On Jan 3, 2021, at 10:13 AM, Corbin via groups.io <c_geiser@...> wrote:
Agreed...love not worrying about carb ice!
On Jan 3, 2021, at 11:09 AM, Jay Scheevel <jay@...> wrote:
Where did your Tri-Q end up?
From: main@Q-List.groups.io <main@Q-List.groups.io> On Behalf Of Martin Skiby
Sent: Sunday, January 03, 2021 9:39 AM
Subject: Re: [Q-List] Your Opinion
I had it once very bad just as I was about to head over the mountains. It was in the TriQ200. 70 degree day also. Tried everything else first as I really did not expect the issue to be ice. I turned back toward the valley and pulled the carb heat. The engine sputtered for a bit then roared back to life.
I had a cold air ram system into the carb for max performance. The 0200 is famous for carb ice so I recommend NEVER flying without a working carb heat! Unless you have fuel injection like Corbin!!

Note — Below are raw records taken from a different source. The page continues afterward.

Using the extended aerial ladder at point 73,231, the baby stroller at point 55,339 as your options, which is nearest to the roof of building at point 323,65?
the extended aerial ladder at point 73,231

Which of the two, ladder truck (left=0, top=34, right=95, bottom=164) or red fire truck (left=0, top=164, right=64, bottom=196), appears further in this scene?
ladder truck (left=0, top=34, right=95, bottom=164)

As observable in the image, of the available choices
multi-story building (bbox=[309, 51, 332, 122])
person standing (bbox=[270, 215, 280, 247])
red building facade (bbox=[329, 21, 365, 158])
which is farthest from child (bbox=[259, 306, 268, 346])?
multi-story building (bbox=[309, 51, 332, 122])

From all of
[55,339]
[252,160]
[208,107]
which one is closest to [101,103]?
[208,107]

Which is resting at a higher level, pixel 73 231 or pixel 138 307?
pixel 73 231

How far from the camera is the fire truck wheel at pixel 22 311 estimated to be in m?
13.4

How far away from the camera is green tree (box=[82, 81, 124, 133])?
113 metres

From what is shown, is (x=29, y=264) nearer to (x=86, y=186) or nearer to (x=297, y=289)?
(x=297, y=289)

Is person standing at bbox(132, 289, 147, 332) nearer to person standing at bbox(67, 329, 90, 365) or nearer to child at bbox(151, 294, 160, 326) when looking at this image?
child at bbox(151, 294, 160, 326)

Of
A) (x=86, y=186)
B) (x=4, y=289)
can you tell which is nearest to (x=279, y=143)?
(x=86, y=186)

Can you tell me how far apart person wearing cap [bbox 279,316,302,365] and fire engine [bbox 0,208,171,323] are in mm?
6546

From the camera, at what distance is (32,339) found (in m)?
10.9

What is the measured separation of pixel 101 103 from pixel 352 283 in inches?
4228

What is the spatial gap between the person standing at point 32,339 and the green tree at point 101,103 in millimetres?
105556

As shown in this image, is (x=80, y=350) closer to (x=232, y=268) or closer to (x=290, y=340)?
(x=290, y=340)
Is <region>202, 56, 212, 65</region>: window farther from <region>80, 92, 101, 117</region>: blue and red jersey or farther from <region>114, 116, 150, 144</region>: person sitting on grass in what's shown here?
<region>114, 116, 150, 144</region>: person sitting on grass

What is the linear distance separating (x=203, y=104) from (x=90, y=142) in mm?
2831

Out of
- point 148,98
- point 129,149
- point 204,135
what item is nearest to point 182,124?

On Jan 2, 2021, at 7:54 AM, Keith Welsh <klw544@...> wrote:
I hope y'all had a great bringing in of the new year.
I've attached an article I read about once every five years or so regarding carb icing.
We all know about carb ice and the danger it poses. I experienced it years ago in my then Aeronca Chief when, in the summer, the engine stopped producing power on final. At least it would not throttle up when flaring to land and stopped on touchdown. After setting a bit she started just fine...by hand propping of course.
The highlighted area toward the end of the article gets my curiosity up and is what I would like your opinions on since many of you are much smarter than I.
The reason for asking is that somewhere in the 90's I had the throttle shaft, throttle plate and intake manifold teflon coated on my Quickie and this article is where it all started.
One hot humid day back then while looking down the carburetor with the engine running I was surprised at the amount of water that was forming on the throttle plate, the size of the droplets and the time it took for them to run off. Onan carbs are on the top of the engine as most know.
After the Teflon coating was done the water still formed but with a notable difference. The droplets were miniature sized and it was like a contest to see who could run off the throttle plate first. Very impressive.
I've never sought the opinion of others regarding this article but knowing the breath of knowledge among you Q guys I thought I'd reach out and see.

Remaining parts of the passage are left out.